‘Ba’, Cynefin, place and architecture
Just been reading (via Tweet by Bill Ives) a post by Anne Marie McEwan on ‘Loosening the Taylorist Stranglehold on the Workplace‘. Within a much larger context in a very good article, this one brief section caught my attention:
The Japanese concept of ‘ba’ came up in one of the face-to-face conversations. … Nonaka et al say that ‘ba’ roughly means place”. It is a here-and-now coming together of physical, virtual and mental spaces, which together constitute a shared “context in motion” for tacit knowledge to become explicit.
In other words, a concept of place associated with ‘ways of knowing’.
I then remembered that although Snowden’s concept of Cynefin is, in current practice, primarily viewed as “a model used to describe problems, situations and systems”, the term likewise literally translates as ‘place‘ – and that, like Nonaka’s ba, that concept also arose out of work on utilising and sharing tacit knowledge.
One problem with both of those translations is that they’re very ‘thin’: the rather bald English word ‘place’ does not really convey the richness or layered nuance of either of the original terms. (Snowden himself has made this point several times, and I strongly agree with him in this.) To gain some sense of the deeper complexity and meaning there, one of my favourite resources is the work of the small English charity Common Ground, and in particular their Rules for Local Distinctiveness, such as:
— Let the CHARACTER of the people and place express itself. Kill corporate identity before it kills our high streets. Give local shops precedence.— Defend DETAIL. Respond to the local and the vernacular. No new building or development need be bland, boring or brash.— Local DIALECT should be spoken, heard and seen.
The other thread that comes up here is the notion of buildings and other places as anchors for both explicit and tacit knowledge – physical structures interweaving with conceptual structures, as described by Frances Yates in her classic The Art of Memory, and typified by the post-Renaissance ‘memory theatres’ of Guilio Camillo and his contemporaries. This in turn links back to a much older concept of ‘the art of memory‘, “a loosely associated group of mnemonic principles and techniques used to organize memory impressions, improve recall, and assist in the combination and ‘invention’ of ideas” – a concept that can probably be found in some form or other in just about every culture.
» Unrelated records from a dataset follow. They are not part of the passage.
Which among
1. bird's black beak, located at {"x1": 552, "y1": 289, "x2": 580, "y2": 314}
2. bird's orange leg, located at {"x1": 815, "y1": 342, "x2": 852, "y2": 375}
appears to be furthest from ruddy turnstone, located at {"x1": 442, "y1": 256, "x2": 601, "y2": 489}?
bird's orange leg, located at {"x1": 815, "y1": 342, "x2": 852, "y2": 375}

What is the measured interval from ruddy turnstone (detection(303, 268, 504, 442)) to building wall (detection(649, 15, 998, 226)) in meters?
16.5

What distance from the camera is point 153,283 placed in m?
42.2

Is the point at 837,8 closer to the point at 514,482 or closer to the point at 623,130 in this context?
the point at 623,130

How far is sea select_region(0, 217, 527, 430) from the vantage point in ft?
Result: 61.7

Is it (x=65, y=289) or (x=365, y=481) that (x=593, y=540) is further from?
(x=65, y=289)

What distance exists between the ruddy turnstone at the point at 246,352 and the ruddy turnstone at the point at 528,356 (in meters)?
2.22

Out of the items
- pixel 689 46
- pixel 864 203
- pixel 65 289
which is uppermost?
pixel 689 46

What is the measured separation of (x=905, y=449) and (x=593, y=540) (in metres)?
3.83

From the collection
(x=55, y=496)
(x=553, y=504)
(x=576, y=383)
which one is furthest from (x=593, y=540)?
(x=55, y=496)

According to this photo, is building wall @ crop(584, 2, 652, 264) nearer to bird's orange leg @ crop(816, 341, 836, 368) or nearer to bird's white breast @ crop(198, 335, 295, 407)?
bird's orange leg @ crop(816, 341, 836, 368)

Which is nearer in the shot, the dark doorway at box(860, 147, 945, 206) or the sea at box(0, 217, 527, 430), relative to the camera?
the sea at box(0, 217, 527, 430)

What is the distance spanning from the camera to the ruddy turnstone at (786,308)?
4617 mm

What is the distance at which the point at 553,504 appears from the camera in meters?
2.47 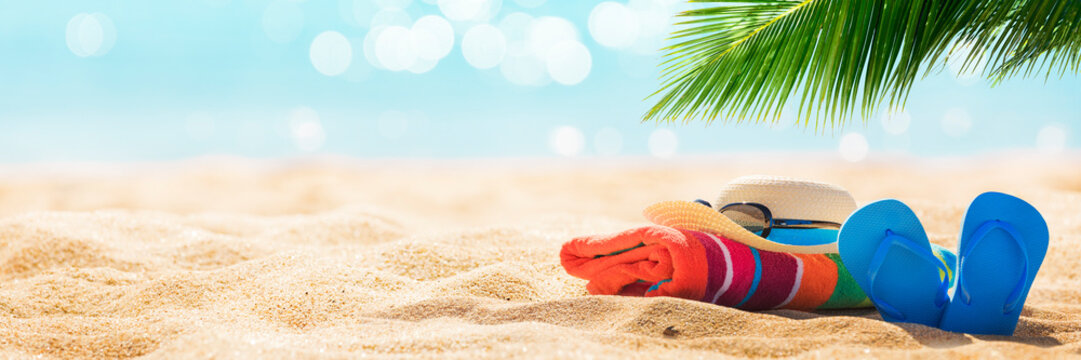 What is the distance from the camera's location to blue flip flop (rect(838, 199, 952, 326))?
1.37 m

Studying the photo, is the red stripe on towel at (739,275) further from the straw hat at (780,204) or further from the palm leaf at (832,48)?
the palm leaf at (832,48)

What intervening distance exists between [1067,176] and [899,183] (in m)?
1.16

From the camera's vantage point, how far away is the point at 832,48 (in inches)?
60.2

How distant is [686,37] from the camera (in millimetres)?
1703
Hence, to architecture, and to enterprise-architecture. If these represent the humanness of our interactions with physical, conceptual or relational space, what does that say about our present buildings and information-systems – almost all of which seem to conform to that description of “boring, bland or brash”?
Seems to me that there’s a lot that we might need to rediscover in our architectures, about the relationships between ‘place’ and collective knowing, collective remembering…?
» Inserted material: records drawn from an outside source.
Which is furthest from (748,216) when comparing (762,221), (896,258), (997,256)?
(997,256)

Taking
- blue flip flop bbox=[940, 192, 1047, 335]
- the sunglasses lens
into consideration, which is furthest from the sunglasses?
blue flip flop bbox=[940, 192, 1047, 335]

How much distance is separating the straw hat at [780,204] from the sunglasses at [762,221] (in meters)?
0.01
Out on the fringes of enterprise-architectures and the like, we’re seeing some of this starting happen more now in the social-media and ‘social-business’ contexts, with much more emphasis on serendipity, tagging, cross-linking and cross-collaboration. As Dr McEwan indicates in her article, there’s more awareness of the human implications of the ‘Taylorist stranglehold’, its failures in the fundamentally-flawed concepts behind so much ‘business-process re-engineering’ and the like, and what we can learn as we rethink the entire idea of ‘the workplace’. And we’re seeing it, too, in the upsurge of interest in ideas and methods such as design-thinking and human-oriented systems-thinking, in holism, in panarchitecture and the like.
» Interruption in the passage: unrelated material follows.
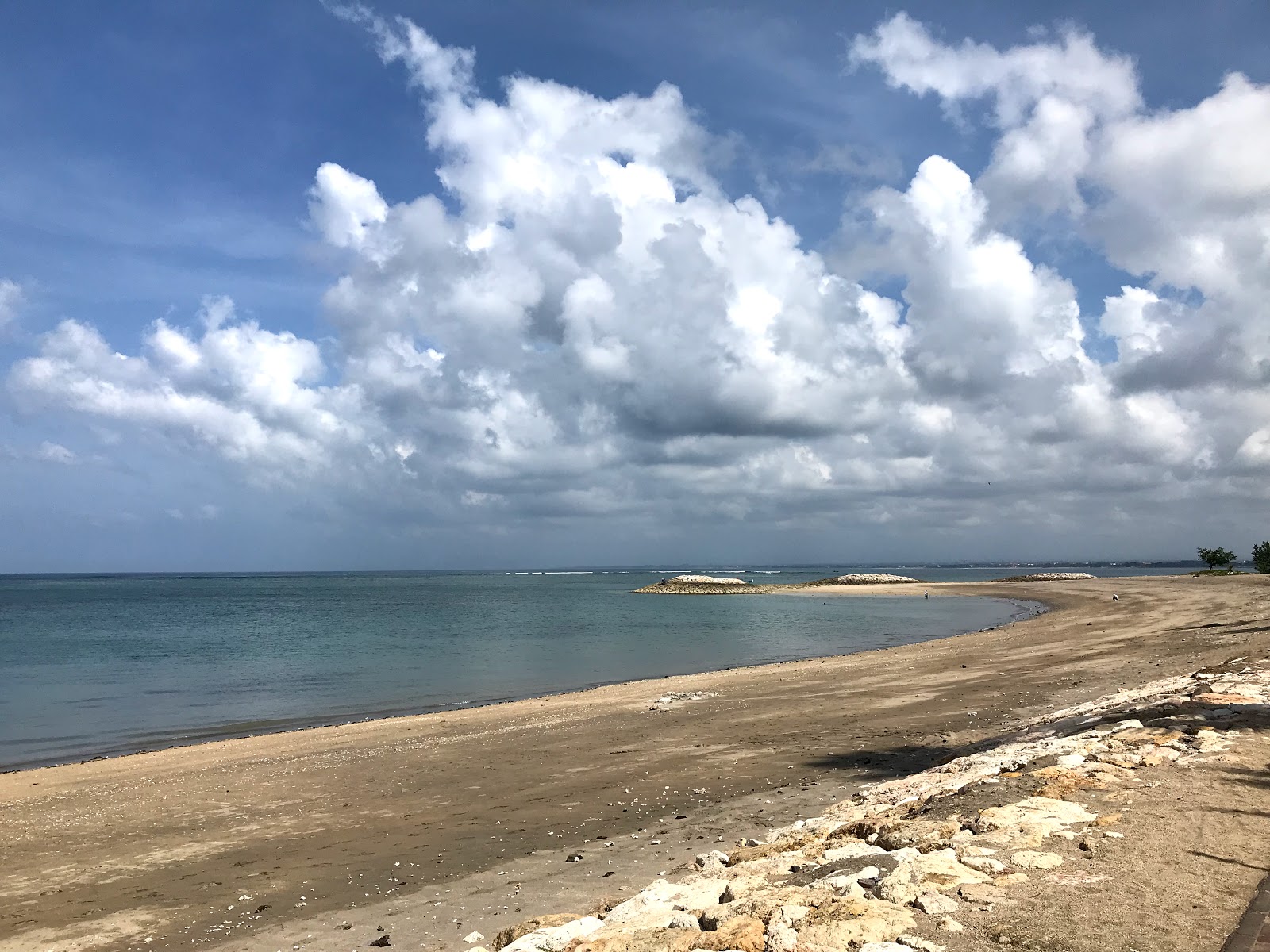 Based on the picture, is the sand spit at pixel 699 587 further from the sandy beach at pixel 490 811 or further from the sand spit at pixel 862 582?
the sandy beach at pixel 490 811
But perhaps one more useful place to start would be with concepts such as ba, cynefin and ‘local distinctiveness’, to re-remember what ‘place’ actually means in our working lives – and how we use the richness of place to anchor our shared memory.
Yet how do we do this in practice? How can we reclaim and rebuild ‘the art of memory’ into our places and workspaces, our information-systems and our collaborative relationships? Comments/suggestions, anyone?